Painel do Financial Times com líderes empresariais. Diretora do Santander e ex ministra disse que as promessas do capitalismo ocidental foram quebradas. Gestores dizem que o capitalismo perdeu o rumo com o curto-prazismo. Um deles fala que estamos na ‘era da ansiedade’.
http://www.independent.co.uk/news/business/news/capitalism-broken-top-business-leaders-shriti-vadera-financial-times-robert-swannell-carolyn-a8014616.html
Caro João Bernardo,
E quanto à utilidade do conceito de fetichismo para as análises práticas (a exemplo do seu livro Economia dos Conflitos Sociais)?
Grato,
G.Beraht
Leo,
Quanto ao tempo, é mais prático eu remeter para o meu artigo O Tempo — Substância do Capitalismo.
Quanto ao mais, desde há décadas que se arrasta uma disputa entre, por um lado, os ideólogos de uma burguesia proprietária de volumosos pacotes de acções ou os seus representantes nos fundos accionistas e, por outro lado, os gestores que preferem estar independentes das pressões dos accionistas. Estes acusam os primeiros de se preocuparem só com o curto prazo, enquanto a acusação inversa é a de não se preocuparem com a rentabilidade da empresa. Em termos muito simplificados, é uma disputa entre o modelo norte-americano e o modelo alemão.

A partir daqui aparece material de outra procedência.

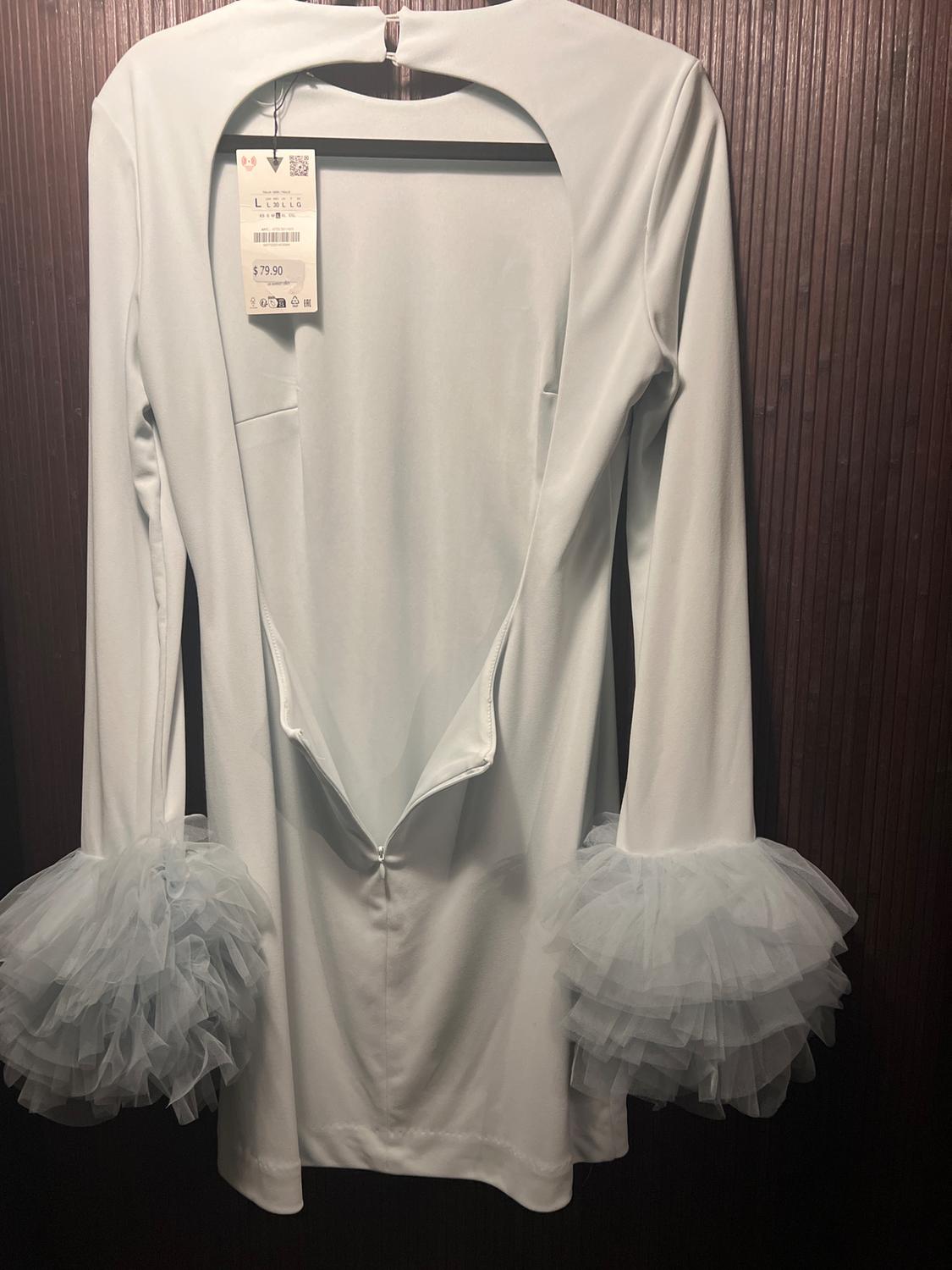 SHORT TULLE CUFF VOLUME DRESS - Image 6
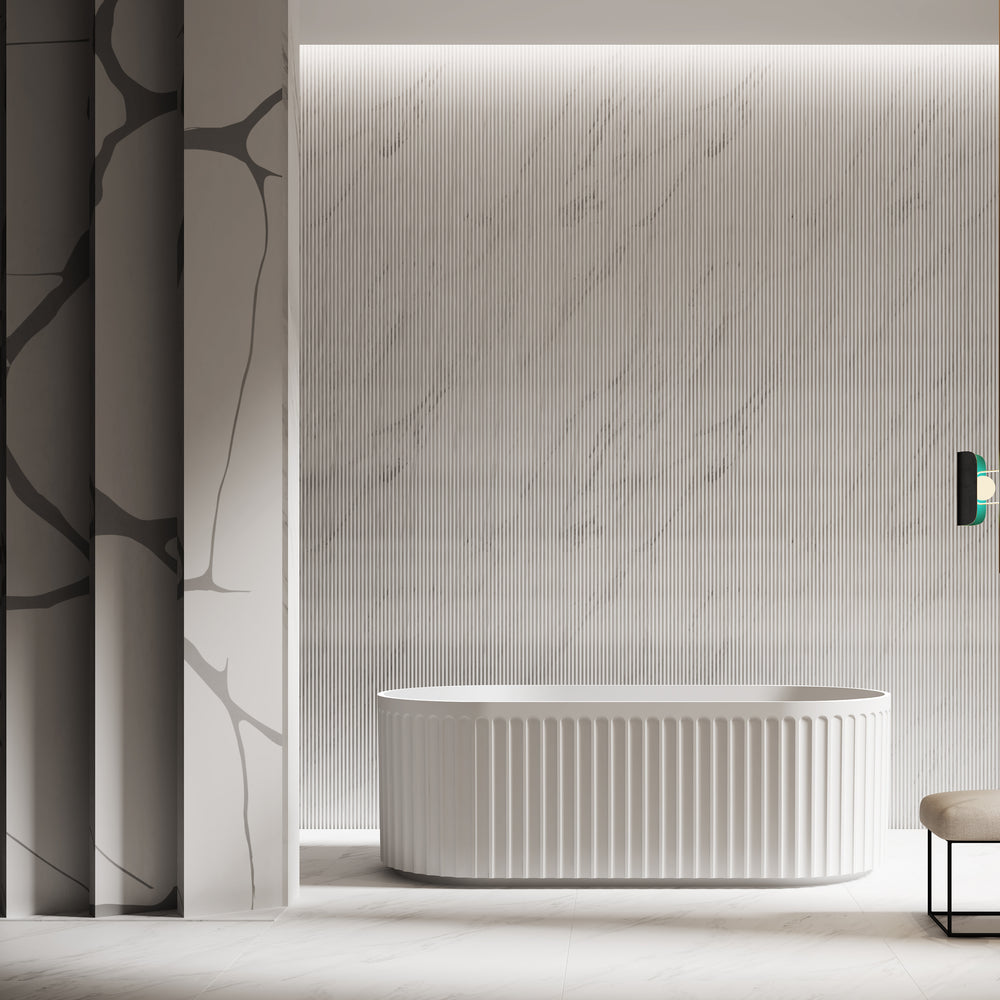 RIVA ROMA FLUTED FREESTANDING BATHTUB GLOSS WHITE (AVAILABLE IN 1500MM AND 1700MM)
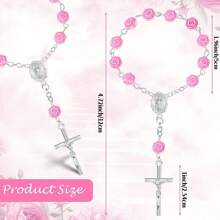 1/5/10 Sets Baptism Mini Baptism Favors Finger Baptism Rosaries Pink Rose Shaped Beads With Organza Bags For Christening Weddings First Party Favors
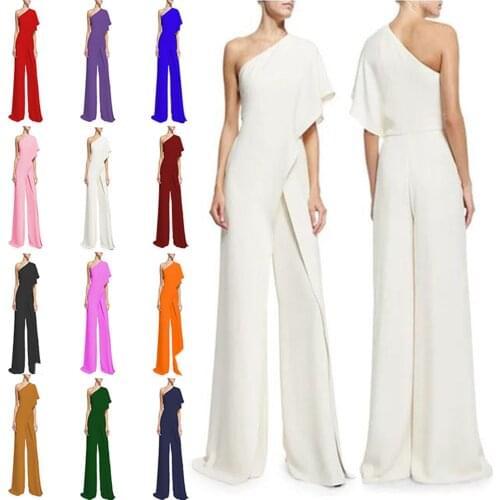 One Shoulder Sexy Cut Out Rompers Women Overalls Female Wide Leg Pants Long Holiday Overalls Solid Backless Slim Jumpsuits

Usando aqui os meus conceitos, que você conhece, direi que as Condições Gerais de Produção devem necessariamente ser geridas a médio-longo ou longo prazos, enquanto as Unidades de Produção Particularizadas podem (embora não necessariamente devam) ser geridas a curto ou médio-curto prazos. Um dos vários motivos que levaram ao fracasso do sistema soviético foi ter pretendido gerir a longo prazo tanto as Condições Gerais de Produção como as Unidades de Produção Particularizadas. Pensou-se que a destruição criativa, para evocar a noção de Schumpeter, era uma anarquia prejudicial quando, na realidade, era uma condição da adaptabilidade do sistema. O regime chinês aprendeu com êxito as lições daquele fracasso do sistema soviético. Como escrevi num destes artigos, o tempo que alguma esquerda perdeu a celebrar o centenário da revolução russa poderia ser aproveitado com êxito a dissecar-lhe o cadáver.
G. Beraht,
Se eu usar aqui a noção de Althusser de corte epistemológico na obra de Marx, e recorrer também à cronologia que ele propôs, direi que à fase filosófica (se quiser colocar aspas, por favor, sinta-se à vontade) sucedeu a fase económica (idem). Aquilo que Marx tratou como alienação na fase filosófica tratou como mais-valia na fase económica. Ora, o conceito de mais-valia parece-me muito mais produtivo do que o conceito de alienação, porque é dinâmico. A mais-valia é um processo. E regressamos assim ao eixo central deste conjunto de artigos, porque a mais-valia diz respeito às relações sociais de produção entendidas como relações de trabalho, enquanto a alienação é frequentemente empregue para evitar a questão das relações de trabalho.
De resto, quanto à alienação e às formas de a entender, remeto para o último artigo desta série, entretanto já publicado.